The incidence and severity of laboratory test abnormalities and the change from baseline in key hematology parameters were similar across treatment groups (Table 4, Figure 4).
One treatment-related serious AE (elevated creatinine) was reported in the FBV 300 mg BID group. The event occurred in a 58-year-old patient with a history of diabetes. The patient experienced nausea, vomiting and chills two days following initiation of study therapy. The patient discontinued all study medications on Day 3, and laboratory results
obtained at the early termination visit (Day 6) showed a serum creatinine of 5.4 mg/dL, BUN of 90 mg/dL and glucose of 320 mg/dL. Urine sediment and a renal ultrasound were unremarkable. Serum creatinine normalized with aggressive IV hydration. No other clinically significant creatinine elevations have been reported to date.
References
1. Hammond JL, et al. Safety, tolerability and pharmacokinetics of the HCV polymerase inhibitor PF-00868554 following multiple dose administration in healthy volunteers. Poster 1898 presented at AASLD 2008.

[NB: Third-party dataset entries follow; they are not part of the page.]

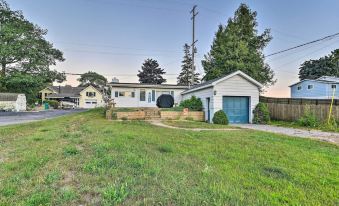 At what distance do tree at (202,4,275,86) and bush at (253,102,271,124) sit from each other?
953 cm

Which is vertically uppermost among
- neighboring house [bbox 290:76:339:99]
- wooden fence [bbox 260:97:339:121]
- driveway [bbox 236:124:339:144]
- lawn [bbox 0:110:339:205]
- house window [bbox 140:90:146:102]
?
neighboring house [bbox 290:76:339:99]

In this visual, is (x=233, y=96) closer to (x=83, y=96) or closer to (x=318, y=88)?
(x=318, y=88)

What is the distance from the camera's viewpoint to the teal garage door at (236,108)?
15352 millimetres

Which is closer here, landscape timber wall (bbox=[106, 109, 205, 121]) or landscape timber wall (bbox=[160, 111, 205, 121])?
landscape timber wall (bbox=[106, 109, 205, 121])

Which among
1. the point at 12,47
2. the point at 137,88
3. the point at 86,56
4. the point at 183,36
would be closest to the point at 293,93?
the point at 183,36

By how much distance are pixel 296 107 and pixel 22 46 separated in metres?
33.7

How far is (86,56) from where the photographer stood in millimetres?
29359

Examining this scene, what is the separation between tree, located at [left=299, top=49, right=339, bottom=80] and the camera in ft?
146

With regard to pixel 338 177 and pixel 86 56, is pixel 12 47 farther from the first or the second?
pixel 338 177

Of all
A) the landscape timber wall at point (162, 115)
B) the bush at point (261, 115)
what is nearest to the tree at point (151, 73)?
the landscape timber wall at point (162, 115)

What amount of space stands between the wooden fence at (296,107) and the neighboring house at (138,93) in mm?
9546

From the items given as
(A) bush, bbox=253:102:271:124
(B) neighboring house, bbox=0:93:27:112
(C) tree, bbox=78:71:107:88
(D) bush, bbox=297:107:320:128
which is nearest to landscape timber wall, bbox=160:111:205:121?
(A) bush, bbox=253:102:271:124

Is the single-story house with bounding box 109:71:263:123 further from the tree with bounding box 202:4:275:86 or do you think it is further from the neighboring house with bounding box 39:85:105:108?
the neighboring house with bounding box 39:85:105:108

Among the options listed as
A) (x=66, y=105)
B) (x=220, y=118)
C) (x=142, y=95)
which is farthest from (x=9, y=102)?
(x=220, y=118) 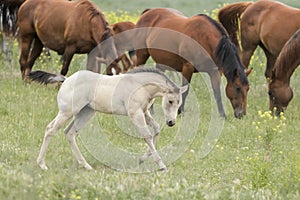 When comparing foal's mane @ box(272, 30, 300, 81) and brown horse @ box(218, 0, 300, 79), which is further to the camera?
brown horse @ box(218, 0, 300, 79)

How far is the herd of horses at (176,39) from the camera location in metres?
12.6

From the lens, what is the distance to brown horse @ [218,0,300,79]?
1471 centimetres

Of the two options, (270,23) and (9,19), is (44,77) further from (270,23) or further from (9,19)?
(9,19)

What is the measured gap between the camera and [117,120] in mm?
10734

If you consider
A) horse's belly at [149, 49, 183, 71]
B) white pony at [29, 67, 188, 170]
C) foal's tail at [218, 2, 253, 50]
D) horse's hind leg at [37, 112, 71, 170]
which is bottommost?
foal's tail at [218, 2, 253, 50]

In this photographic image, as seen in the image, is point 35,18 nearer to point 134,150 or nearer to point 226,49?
point 226,49

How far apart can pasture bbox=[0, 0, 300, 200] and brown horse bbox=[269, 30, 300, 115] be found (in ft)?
1.14

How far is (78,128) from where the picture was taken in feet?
28.1

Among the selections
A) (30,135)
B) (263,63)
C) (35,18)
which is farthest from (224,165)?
(263,63)

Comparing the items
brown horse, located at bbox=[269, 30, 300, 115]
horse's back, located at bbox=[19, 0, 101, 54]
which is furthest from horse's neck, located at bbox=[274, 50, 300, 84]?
horse's back, located at bbox=[19, 0, 101, 54]

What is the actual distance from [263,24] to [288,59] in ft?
7.86

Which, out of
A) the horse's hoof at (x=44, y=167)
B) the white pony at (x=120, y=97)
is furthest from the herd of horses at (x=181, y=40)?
the horse's hoof at (x=44, y=167)

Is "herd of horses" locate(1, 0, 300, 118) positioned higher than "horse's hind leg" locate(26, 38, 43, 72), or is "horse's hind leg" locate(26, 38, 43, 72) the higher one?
"herd of horses" locate(1, 0, 300, 118)

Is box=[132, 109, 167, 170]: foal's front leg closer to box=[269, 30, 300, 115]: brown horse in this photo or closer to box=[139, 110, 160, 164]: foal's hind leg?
box=[139, 110, 160, 164]: foal's hind leg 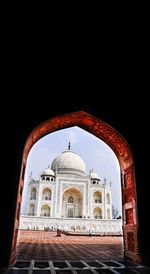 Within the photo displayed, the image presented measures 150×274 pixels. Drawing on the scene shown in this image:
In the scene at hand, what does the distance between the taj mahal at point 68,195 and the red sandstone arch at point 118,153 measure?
2743 cm

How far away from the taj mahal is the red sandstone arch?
90.0 ft

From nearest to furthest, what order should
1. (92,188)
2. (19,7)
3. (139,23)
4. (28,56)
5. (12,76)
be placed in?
(19,7), (139,23), (28,56), (12,76), (92,188)

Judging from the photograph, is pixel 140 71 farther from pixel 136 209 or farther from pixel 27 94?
pixel 136 209

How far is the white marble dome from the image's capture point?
39.9m

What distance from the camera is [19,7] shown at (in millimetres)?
3936

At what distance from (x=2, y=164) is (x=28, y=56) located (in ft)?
8.32

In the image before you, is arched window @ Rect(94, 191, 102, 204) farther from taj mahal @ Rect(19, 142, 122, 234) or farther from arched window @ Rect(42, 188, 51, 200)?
arched window @ Rect(42, 188, 51, 200)

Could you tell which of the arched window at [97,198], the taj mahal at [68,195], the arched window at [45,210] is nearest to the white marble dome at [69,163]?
the taj mahal at [68,195]

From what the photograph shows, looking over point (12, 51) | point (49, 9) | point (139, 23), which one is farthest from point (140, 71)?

2. Hammond JL, et al. Antiviral activity of the HCV polymerase inhibitor PF-00868554 administered as monotherapy in HCV Genotype 1 infected patients. Poster LB11 presented at AASLD 2008.
3. Troke PJF, et al. Genotypic characterization of HCV NS5B following 8-day monotherapy with the polymerase inhibitor filibuvir (PF-00868554) in HCV-infected subjects. Poster 1795 presented at EASL 2009.
Disclosures
This study was sponsored by Pfizer Inc.